Students Share in-depth discussion at Horizons pre-orientation program

Horizons program connects new multicultural students

New first-year students share an in-depth discussion during one of the activities at the Horizons pre-orientation program.
By Alex Kamphorst

New first-year students share an in-depth discussion during one of the activities at the Horizons pre-orientation program.

Horizons program connects new multicultural students

By Alex Kamphorst
The Horizons pre-orientation program welcomes a community of new multicultural students to campus.

“You are sitting in the seat that not only your ancestors but also some of your closest relatives could only have imagined,” said Renée Dickens Callan, executive director of student life, as she welcomed new students to the Horizons pre-orientation program that took place Tuesday in the Donna E. Shalala Student Center. “We encourage you to embark on a journey that allows you to learn more about yourself and to try new things.”

Horizons is an opportunity to introduce multicultural students to the diverse community of the University of Miami. The program is coordinated by the Division of Student Affairs Office of Multicultural Student Affairs.

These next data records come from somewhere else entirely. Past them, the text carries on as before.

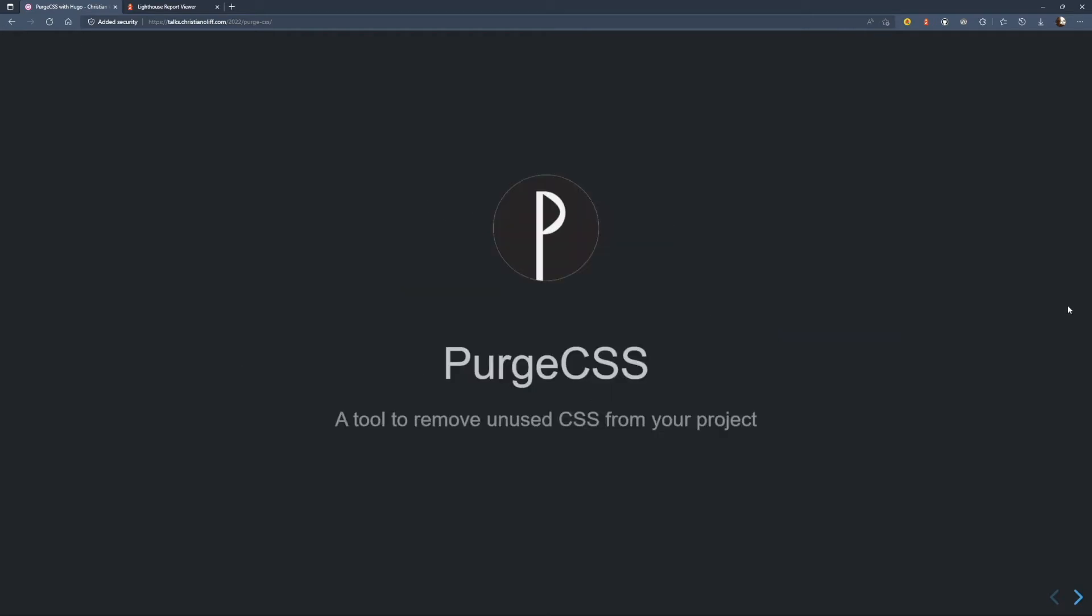Okay, so on to PurgeCSS. This is a really great tool for removing unused CSS from your project. Now this is great because it can decrease the size of your CSS and therefore improve page load rendering times.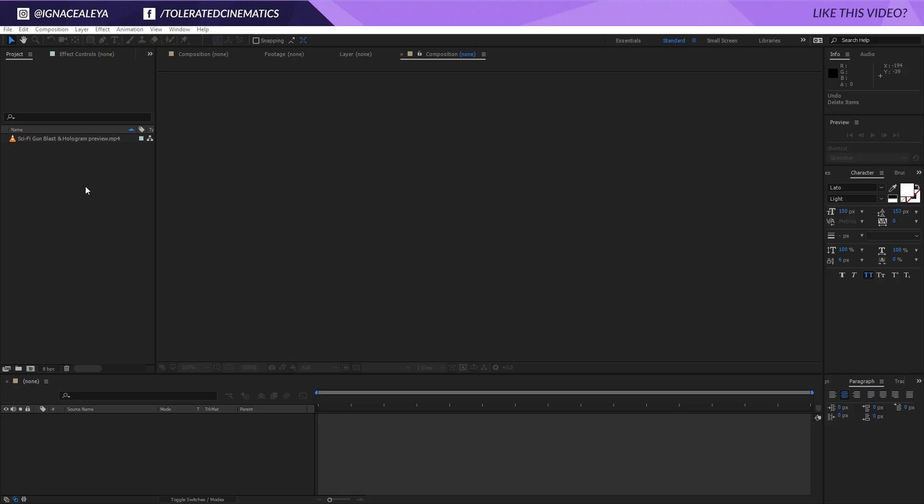Hello, I am Inez Alea from toleratedcinematics.com and today I will be showing you how to import presets in Adobe After Effects.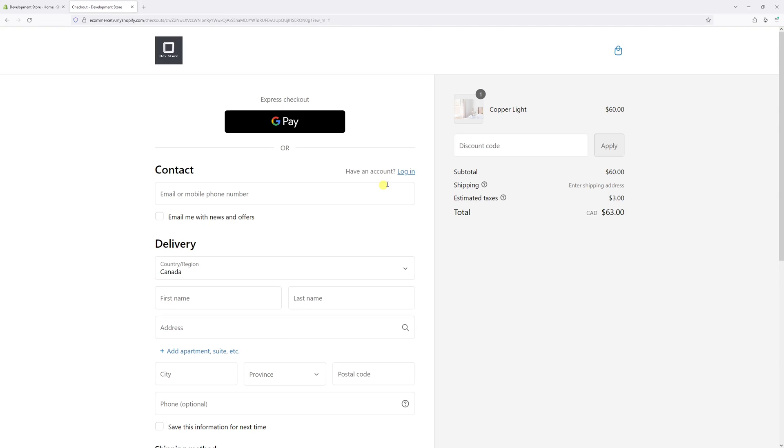In this video, we'll show you the settings where you can change the position of the logo in Shopify checkout.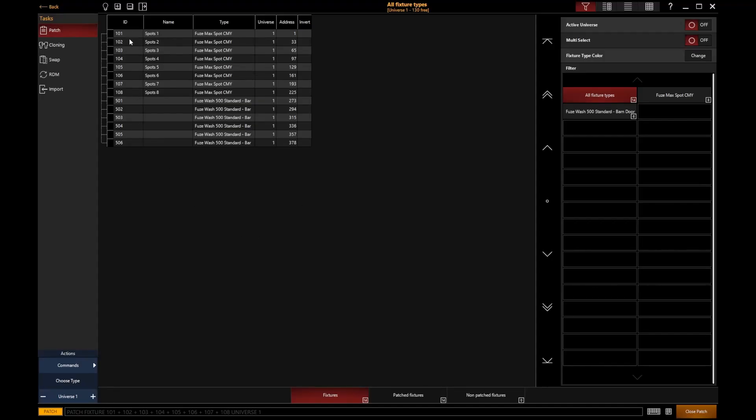Let's say that fixtures 101 through 108, I want those to be numbered 1 through 8. So I want to keep the DMX addressing as it is, but I just want to change that user ID number. Well, there's a couple of different ways that I could do that.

New 'Canes who attended the program connected with their fellow first-year students of varied multicultural backgrounds as well as University faculty and staff. Many of the attendees were eager to connect with this new community.

“I really wanted to surround myself with people who had similar experiences as me, and to see what resources the University of Miami had for people like me, for people of color and of different backgrounds,” said Julian Crosby, a first-year student participant.

While attending the program, students had a chance to explore in-depth topics and got a glimpse of what their college experience will look like. Through several activities over the course of the day, all participants learned more about specific experiences and challenges they may encounter during their time at UM.

“This is their first time in college so hearing from other students who were once in their shoes, who are now leading this program, can inspire them and give them a level of comfort that they may not have had initially,” said Kennedy Robinson, assistant director of Multicultural Student Affairs.

The program was planned, prepared and led by current undergraduate students who serve as program coordinators and mentors. These students were eager to give advice to their new peers and readily answered questions, which ranged from where to get the best food to how they can express their identity on campus.

“It’s important for students to feel like they have a voice or an outlet to get the proper answers,” said Shamir Cetoute, a senior and one of the program’s coordinators. “Horizons allows different students to give different perspectives, expand their horizons, and open their mind to new ideas.” 

Many of the students responsible for planning the program once participated in it during their first year on campus as well. They use their own experiences to shape the program and to continue inspiring new ’Canes.

“I attended horizons when I first got here and, while the University supports its multicultural students, we are a relatively small community,” said Cetoute. “This program allows students to find that community, to find other students who not only look like them but who also go through the same trials and tribulations. This program really unites us.”